Pilotage incertain, instabilité des programmes, insincérité des budgets : la Cour des comptes épingle les grands travaux du ministère de la Culture et de la Communication.
PARIS - Après un premier audit, daté de 2001, qui avait fustigé la politique immobilière du ministère de la Culture et de la Communication (lire le JdA n°233, 17 mars 2006, p. 5), la Cour des comptes poursuit ses investigations en consacrant un rapport thématique aux grands travaux pilotés par la Rue de Valois. Fruit d’une année d’étude, ce document dresse le bilan d’une décennie d’opérations chiffrées à 2,27 milliards d’euros, soit près de la moitié des crédits d’investissements du ministère de la Culture et de la Communication. Les conclusions de la juridiction chargée de la régularité des comptes publics sont accablantes. Sur la soixantaine d’opérations passées au crible, l’allongement des délais (2 ans en moyenne) et le non-respect des enveloppes budgétaires sont, en effet, quasiment systématiques. Au rang des surcoûts records figurent, entre autres, les travaux du Musée du Quai Branly ( 42 %) et ceux de la Cité de l’Architecture et du Patrimoine ( 52 %), ou encore la première phase des travaux de restauration du Grand Palais ( 71 %). « Cette politique n’est plus tenable, a martelé Philippe Seguin, premier président de la Cour des comptes, car elle nuit aux autres missions du ministère, notamment à l’entretien du patrimoine monumental. » D’après les magistrats, les sommes affectées au patrimoine ont trop souvent servi de « variable d’ajustement » des crédits d’investissement du ministère. « 70 % de la ressource des privatisations allouée en 2006 par le parlement à l’entretien du patrimoine monumental ont été absorbés par les grands travaux », a rappelé Jean Picq, président de la 3e chambre de la Cour des comptes (voir le JdA n°243, 22 septembre 2006, p. 3).
Évitant de s’en tenir à un simple constat, les magistrats se sont attachés à identifier les causes de ces dérapages. Arrivent en premier lieu la faiblesse des outils de pilotage, le manque de suivi opérationnel et l’absence de stabilité des programmes, souvent modifiés au gré des changements de personnes. « Trop d’opérations sont lancées sur la base d’hypothèses fragiles et d’estimations sommaires. Les budgets sont souvent sous-évalués afin d’obtenir un accord budgétaire favorable », remarquent les auteurs du rapport. Le cas des travaux du Quadrilatère Richelieu, site historique de la Bibliothèque nationale de France, à Paris, est significatif : lancé en 2006, le coût du chantier a été estimé à partir de devis en valeur 2002, la seule actualisation des prix générant un surcoût de 15 millions d’euros ! La Cour des comptes estime donc que depuis 2005, ce sont quelque 250 millions d’euros qui ont ainsi été absorbés par des dépassements. Plusieurs programmes paient déjà ces dérives, en étant suspendus depuis quelques mois, au premier rang desquels le Musée national des civilisations de l’Europe et de la Méditerranée de Marseille (Mucem), dont les retards successifs, en alourdissant la facture, grèvent inévitablement le lancement.

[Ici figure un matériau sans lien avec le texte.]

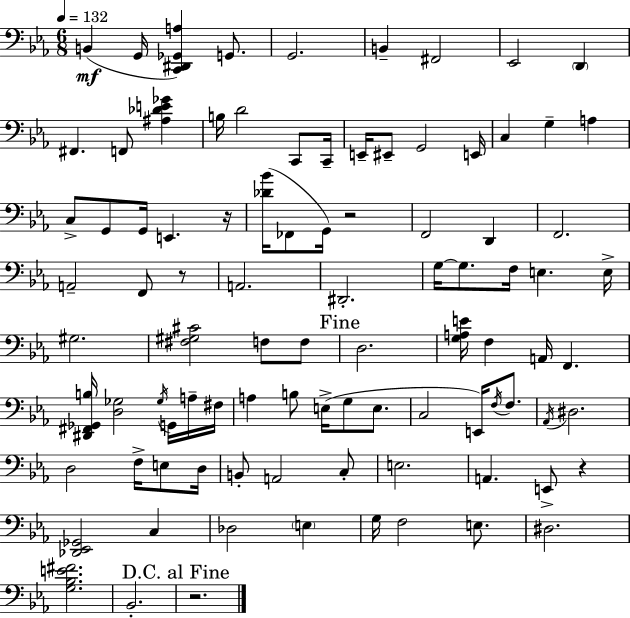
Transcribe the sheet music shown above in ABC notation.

X:1
T:Untitled
M:6/8
L:1/4
K:Eb
B,, G,,/4 [C,,^D,,_G,,A,] G,,/2 G,,2 B,, ^F,,2 _E,,2 D,, ^F,, F,,/2 [^A,_DE_G] B,/4 D2 C,,/2 C,,/4 E,,/4 ^E,,/2 G,,2 E,,/4 C, G, A, C,/2 G,,/2 G,,/4 E,, z/4 [_D_B]/4 _F,,/2 G,,/4 z2 F,,2 D,, F,,2 A,,2 F,,/2 z/2 A,,2 ^D,,2 G,/4 G,/2 F,/4 E, E,/4 ^G,2 [^F,^G,^C]2 F,/2 F,/2 D,2 [G,A,E]/4 F, A,,/4 F,, [^D,,^F,,_G,,B,]/4 [D,_G,]2 _G,/4 G,,/4 A,/4 ^F,/4 A, B,/2 E,/4 G,/2 E,/2 C,2 E,,/4 F,/4 F,/2 _A,,/4 ^D,2 D,2 F,/4 E,/2 D,/4 B,,/2 A,,2 C,/2 E,2 A,, E,,/2 z [_D,,_E,,_G,,]2 C, _D,2 E, G,/4 F,2 E,/2 ^D,2 [G,_B,E^F]2 _B,,2 z2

Rendu public le 12 décembre 2007, ce rapport a suscité plusieurs réactions. Les responsables du Musée du Quai Branly, ouvert avec 2 ans de retard et 86 millions d’euros de dépassements, contestent, en effet, les chiffres avancés par la Cour. Dans un communiqué, ces derniers précisent que « l’écart calculé par la Cour des comptes compare un préprogramme fixé en 1998, avant même la création de l’établissement public, et qui ne comprenait que le béton et le transport des œuvres, au coût complet en 2006 de l’ensemble des chantiers, coût qui s’entend dans un périmètre extrêmement large bien au-delà des seules limites de la construction du musée. » Une partie de ce coût aurait, par ailleurs, été financée par des ressources propres (24 millions d’euros) qui n’auraient donc pas pesé sur le budget de l’État. Quant à la ministre de la Culture et de la Communication, Christine Albanel, elle n’a pas daigné adresser de réponse circonstanciée aux magistrats, comme le réclame pourtant l’usage, préférant feindre de répondre aux journalistes dans le cadre d’une conférence de presse improvisée. Gageons que la réorganisation annoncée des services du ministère de la Culture et de la Communication sera l’occasion d’une remise à plat de la gestion de sa politique de grands travaux.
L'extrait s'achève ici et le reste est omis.